The small business sales and marketing organization approached our team as a part of the "Small Business Go Big" initiative with the simple ask of, "how can we make a better customer experience through our online channels?". That's it. No requirements or pre-defined solutions. It was then up to us to discover why the current experience was not living up to our customer's expectations, and experiment with solutions to solve for it.
We were a cross-functional agile team consisting of 1 designer, 1 product manager, and at one point up to 10 engineers. Being the designer on the team it was up to me to gather research, lead the team through all synthesis and exercises, build and test prototypes, and feed a backlog with designs.
From the beginning of the discovery phase of the project we knew we had tons of data at our disposal and didn't need to conduct an exhaustive amount of generative user interviews. A rare thing, but it saved us a lot of time. This data included CSAT (customer satisfaction) scores, sales survey responses, 3rd party persona, analytics, you name it we had it. The trick was going to be making sense of it all.
After careful synthesis it was pretty clear that account management was a major source of pain for customers and had the highest impact to CSAT scores. More specifically order management topped the list of main reasons why a customer would need to manage their account. So that's where we began.

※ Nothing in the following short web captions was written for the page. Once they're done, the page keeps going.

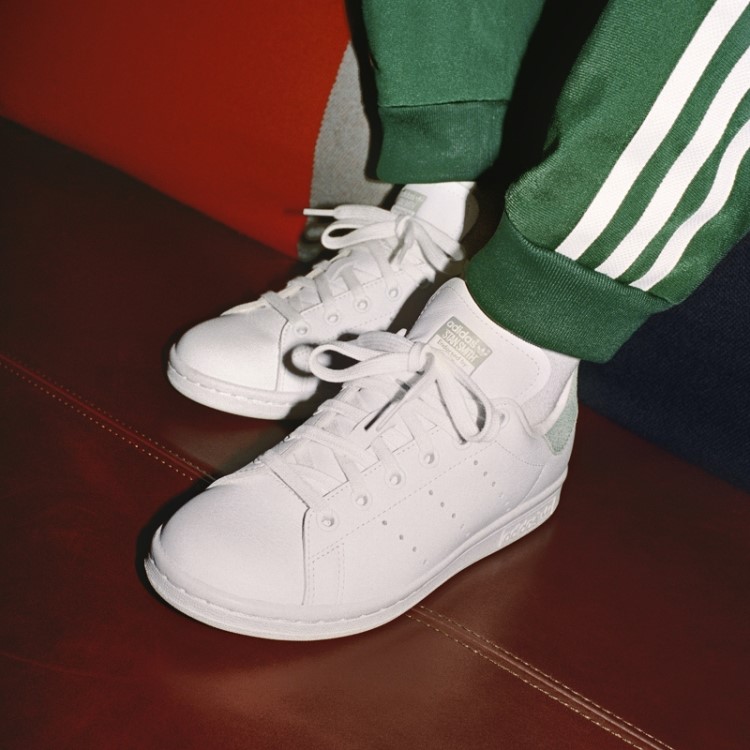 Tênis Adidas Stan Smith Verde Quente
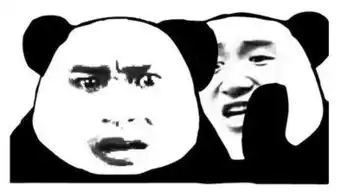 美女的烦恼表情包企鹅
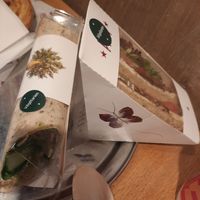  at Pret A Manger - Rue Duphot in Paris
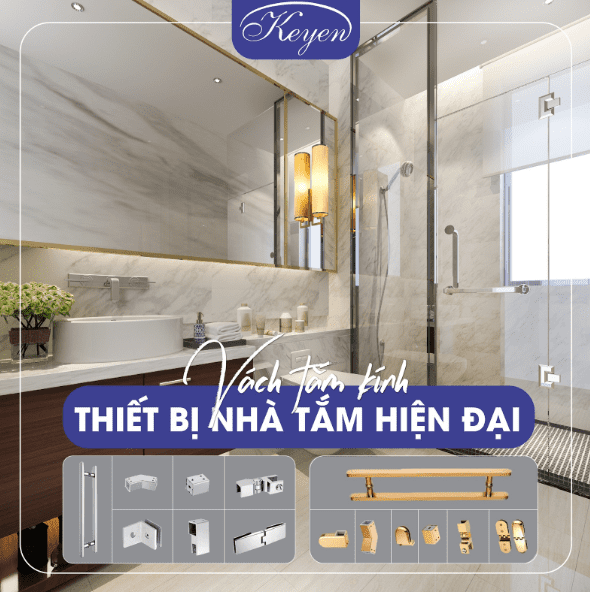 Thiết bị nhà tắm inox là gì?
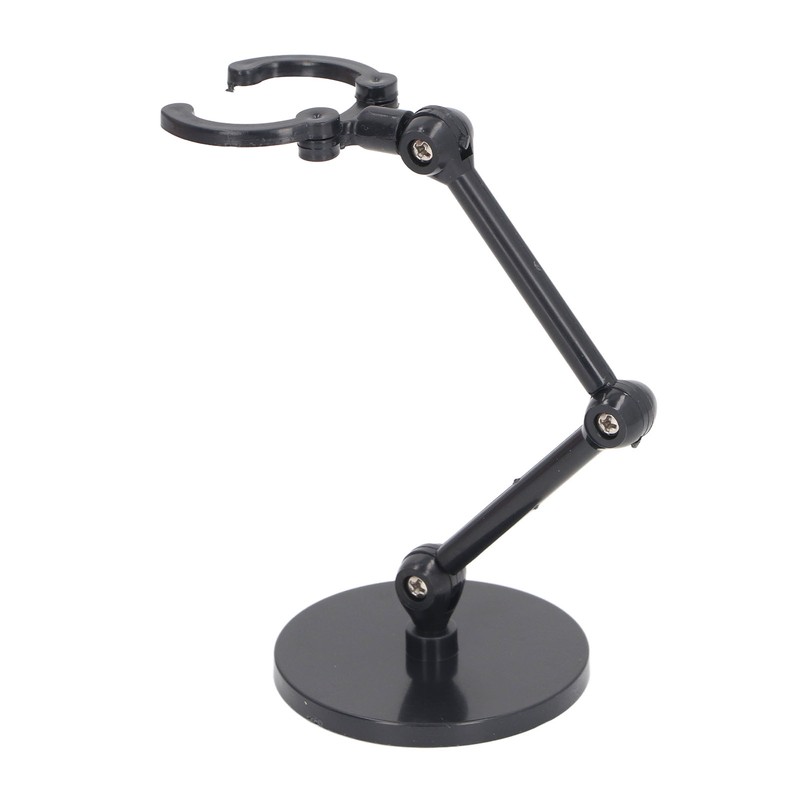 10 Sets Doll Stands Display Holders Action Figure Stand Mini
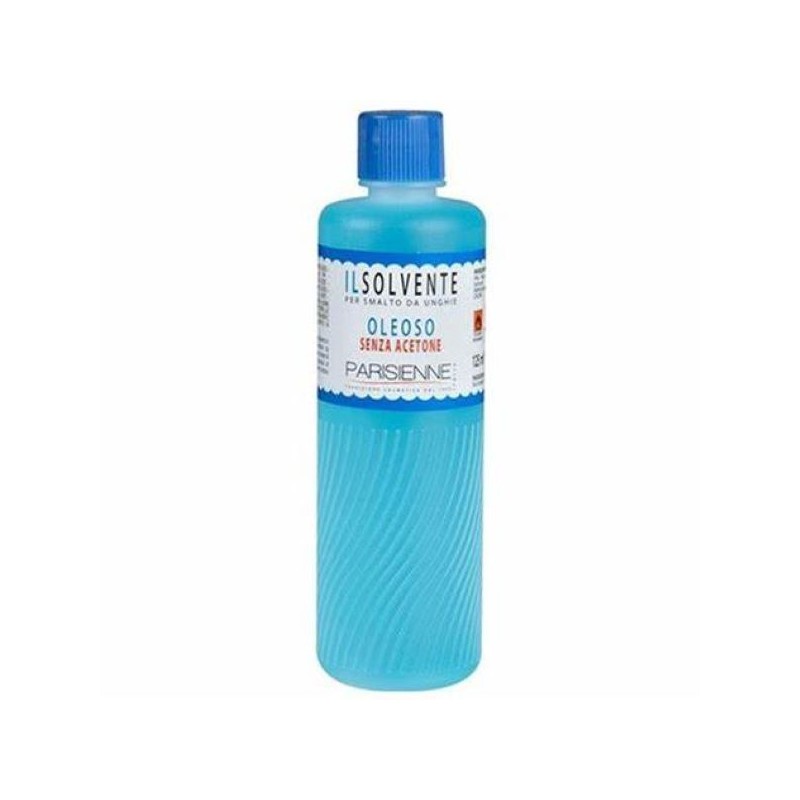 PARISIENNE SOLVENTE SMALTO PER UNGHIE OLEOSO 125ML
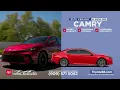 Toyota of San Bernardino We Make it Easy Camry SPA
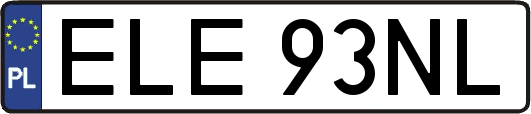 ELE93NL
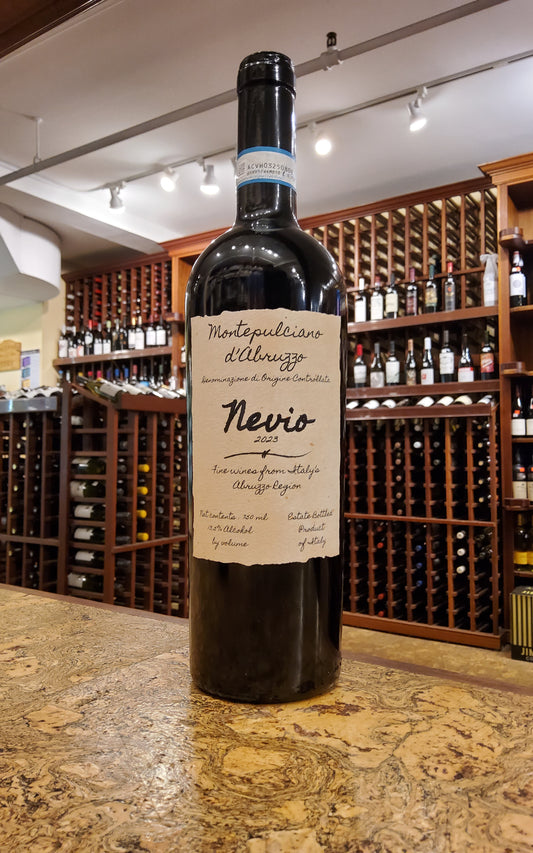 Nevio Montepulciano d'Abruzzo 2023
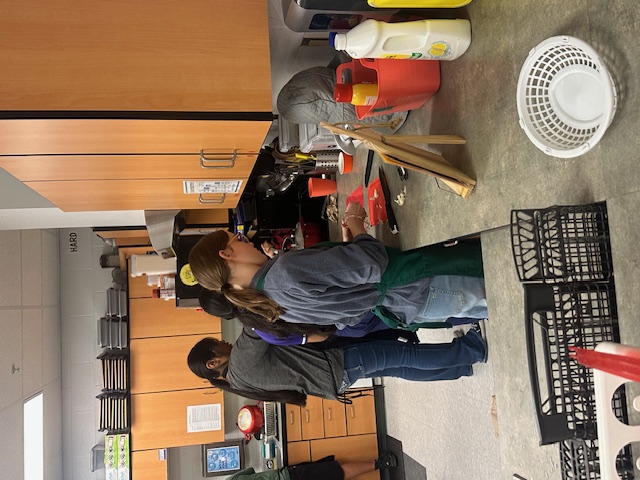 Spaghetti Fundraiser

After conducting a quick design workshop with the team and pulling together similar ideas it was then my task to build an MVP prototype for testing. Our first test was to preview a customer's recent orders on their dashboard without making them navigate to an order history page. This was unanimously delightful to our test participants and became our first iteration. We next tested an easier to use Order History page which also tested much better than the current state. This became iteration number 2.
After launching these two iterations we noticed a 72% drop in the Order History button click through rate. This was due to the fact that users likely only needed to see the last 2 orders to complete their purpose of visit. On the Order History page itself, with the addition of a "Buy it Again" button we saw a 61% conversion rate for those that clicked on it, generating almost $200k in revenue in just a month. That's quite a bit of money for such a low cost feature!

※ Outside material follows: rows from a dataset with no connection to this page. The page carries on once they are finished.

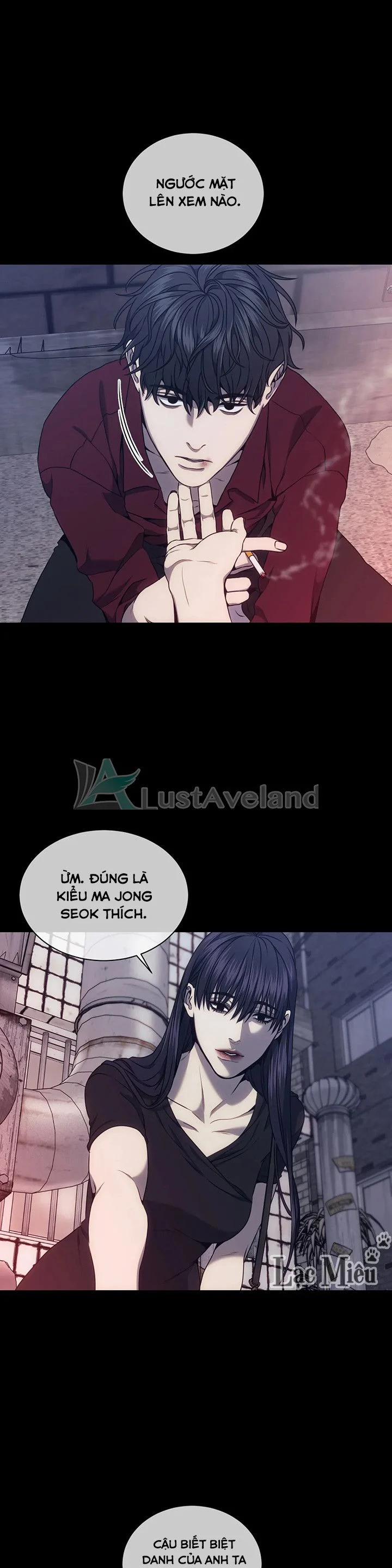 Thế Giới Của Những Quân Cờ 26 trang 7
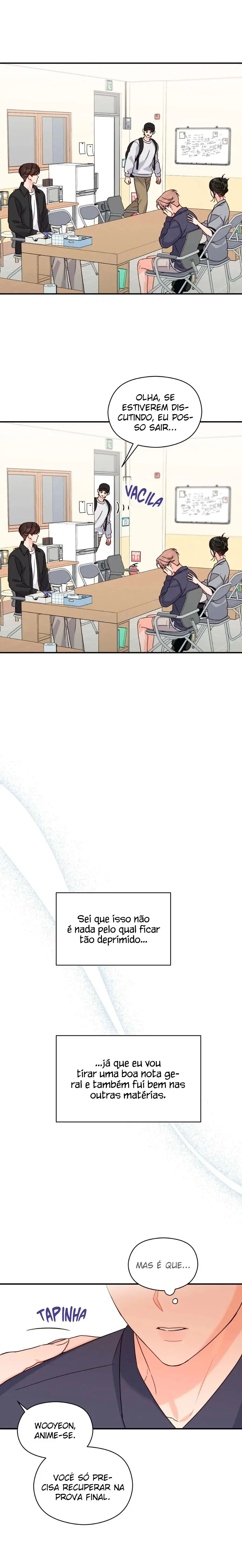 Alpha Trauma – Capítulo 17 Yaoi – Página 8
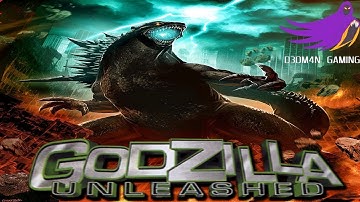 Godzilla: UNLEASHED (PS2) | Adventure Mode with Godzilla 2000 (Good Ending) | D3DM4N GAMING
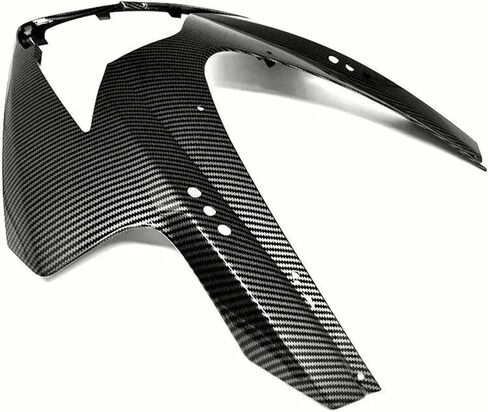 Carbon Fiber Color Front Nose Headlight Fairing Cover Compatible With SUZUKI GSXR GSX-R 1000 2005 2006 in Saudi Arabia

At the time there was an organization-wide transformation to move away from large, monolithic code bases to micro front end applications hosted in PCF. Out team adopted this from the beginning and while I was conducting discovery and framing the engineering team was making this migration and setting up our CI/CD (continuous integration, continuous deployment) pipelines. Once this was done it would allow the team to deploy and/or regress as often as possible which in tern allowed me to continuously iterate on the experience concurrently.
While the engineering team was chipping away at the backlog for the previous 2 iterations me, my PM, and my Engineering lead wanted to take a fresh look at what best in class account experiences were like and beat them. We first noticed that almost have of the top 60 ecommerce sites in the US and UK utilized a side navigation vs. the "card" style we had at the time. We also found that site that offered rewards programs featured them very prominently on the page which we did not.
After testing we found customers all preferred these two key features which validated our assumptions and hypothesis.